しかし、厳密かつ独創的な手法を用い、これからのビジネスに必要な要素を浮き彫りにする意欲的な調査結果が公開されました。その名は「グローバル経営層スタディー(IBM Global C-Suite Study)」。「未来を知りたければ、その未来に対して影響力を持つ方々と会話をすればよい」という考えのもと、10年以上にわたって行われてきたIBMのCxOスタディー・シリーズ。その17回目の調査レポートです。
世界のCxOが考える変化する環境への適応今回の調査の特徴は、CEO(最高経営責任者)、CMO(最高マーケティング責任者)など、世界70カ国、総勢4,183人の「CxO」と呼ばれるビジネス・エグゼクティブへの徹底したインタビューを通じて、企業がこれからの世界で成功を収めるための秘訣を探っていること。過去の調査と異なり、ほかのCxO、たとえばCEOとCIO(最高情報責任者)の関係など、「つながり」に着目している点にあります。個々のエグゼクティブの考え、そしてそれが他の経営層におよぼす影響。この2点に着目することで、より深い洞察が展開されています。
では「個客価値の共創」というタイトルがついたこのレポートが示す、成功のカギとなる3つの主要なテーマを、簡単にご紹介しましょう。

コラボレーションが成功をもたらす時代の到来

1つめのテーマは「顧客の影響力を受け入れ、経営に活かす」。
インタビューした過半数のCEOが、顧客が自社に与える影響力は大きいと回答しています。面白いことに、この傾向は高業績企業が低業績企業に比べ24%も高い、という調査結果が示されています。先進的な企業は、顧客の声を聞くアドバイザリー・ボードの設置や、ソーシャル・メディア上の声をマーケティングに活かすなど、自社の課題やアクションに関する重要な情報を直接顧客から得ようとしています。
調査結果には、顧客に自社の戦略策定へ参加してもらうためには、顧客中心型ではなく「顧客との共創型」の組織を目指すべきであると提言されています。そのために必要なのは、重要な意思決定に顧客の意見を反映させる、経営陣の覚悟だとレポートは語っています。

2つめのテーマは「デジタルと実世界の統合、このイノベーションの先駆者となる」。
特にCMOを中心に、有効なデジタル戦略の策定は、顧客接点を再考するにあたって喫緊の課題だという認識は、経営層の多くが持っているもののようです。一方で、調査対象のうち3分の2の企業は、デジタルと実世界の統合に関する戦略を全く持っていない、あるいは曖昧なものしかないと回答しています。
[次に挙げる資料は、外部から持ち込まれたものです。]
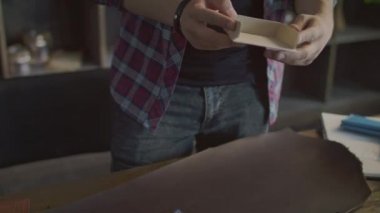 Karton kutu yapım ustası. Ürün ambalajı küçük işletme ürünleri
ここでも、高業績企業であればあるほど、デジタルと実世界を統合するイノベーションの先駆者であることがデータで示され、その重要性が述べられています。

そして3つめとして「魅力ある顧客体験をデザインする」というテーマが挙げられています。
前述した、顧客の影響力をより強く意思決定に反映させるべき、という方向性。これを実現させるために重要なのが「魅力ある顧客体験」だとレポートは説きます。しかし多くの企業では、顧客体験向上のための施策にあたって、ソーシャルの優先度は低く見積もられているのが現状だ、というデータも示されます。一方で先進的な企業は、ソーシャル上のデータに深い分析を加え、顧客の価値判断基準や、生活内のイベントの把握、つまり「デジタルと実世界の統合」を行い、有効な顧客体験向上策を打ち出しています。このような取り組みを積極的に行っていくことは、競合他社と差別化して自社が成功を手にするために、とても重要な手段であることが、レポートでは主張されているのです。

エグゼクティブ層の言葉から、いくつもの重要な示唆を示してくれている本レポート。しかし、現在公開されているのは、実はまだ総論的な内容に過ぎません。今後、各CxOの役割ごとに深められた議論をもとに「CxO別レポート」も準備されているとのこと。多くのビジネスマンにとって、必読となることは間違いないこの詳細レポート、一刻も早い公開が待たれます。